Ces jours-ci, n’importe quel chien avec un chapeau sous les couleurs de la REM peut être élu, comme en témoigne la différence de traitement entre deux anciennes ministres de François Hollande, Pascale Boistard, sèchement battue dans la Somme sous la bannière PS et Barbara Pompili sous le drapeau de la REM réalisant le très bon score de 40,7% au premier tour des Législatives.
Peu importe que Michel Onfray (contre qui le nouveau président a décidé de créer une cellule riposte car il prend lui et Zemmour trop de place dans le récit national) y voit une vague de désespoir plutôt que d’espoir : ni l’incompétence (Colboc), ni l’estompement de la norme (Ferrand), ni le fait d’avoir écrit un livre décrivant les manières de frauder la sécu (Schiappa), n’est sanctionné lorsqu’on est un « marcheur ». La mer Rouge s’ouvre devant Macron qui a dévoré le parti socialiste du haut de son jeunisme dans une Assemblée nationale où il ne fait pas bon avoir plus de 50 ans. C’est Mitterrand, 30 ans plus tôt, qui faisait subir au parti communiste la même étreinte du boa.

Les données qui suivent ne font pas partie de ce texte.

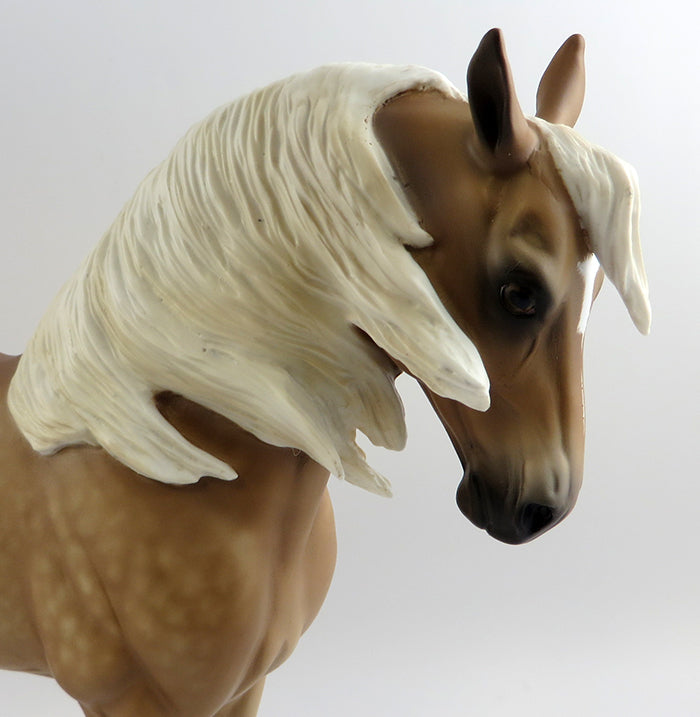 Palomino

En Belgique, ce sont davantage les affaires qui tirent notre PS vers le bas bien qu’elles soient liées aussi à l’usure du pouvoir et à la manière de l’exercer.

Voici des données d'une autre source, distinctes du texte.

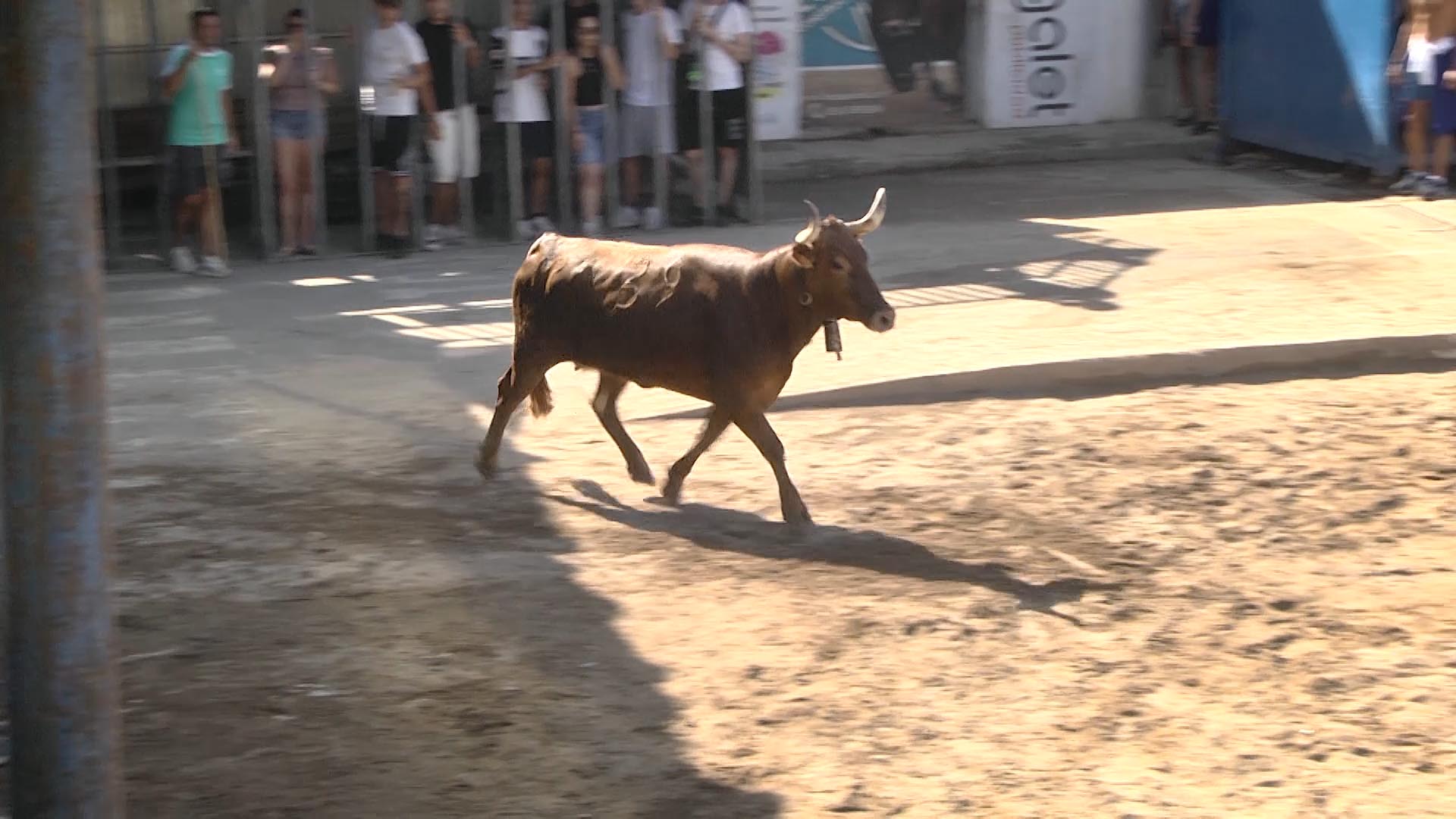 Póster del Video 1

Après celles qui frappèrent Van Cau à Charleroi en 2005, Il fallait être naïf pour croire que les autres grosses fédérations socialistes aient pu être épargnées. A Liège comme à Bruxelles, les parvenus se sont accrochés. Comme le disait avec une certaine candeur José Happart lors du scandale de ses indemnités de départ, le clientélisme est une des mamelles du PS qui ne peut vivre sans. Nonobstant un nombre substantiel de socialistes honnêtes et idéalistes qui le composent, le PS a donc attisé les braises de son indispensable combustible : se servir dans le secteur public là où un Armand De Decker se sert dans le secteur privé. On a même parlé à propos d’Yvan Mayeur du complexe de l’assistant social dans un PS dominé par les technocrates bardés de diplôme. Circonstance aggravante : à chaque fois (énergie, télédistribution, hôpitaux, samu social), ce sont in fine les sans-grades -ceux qu’on prétendait protéger – qu’on plume.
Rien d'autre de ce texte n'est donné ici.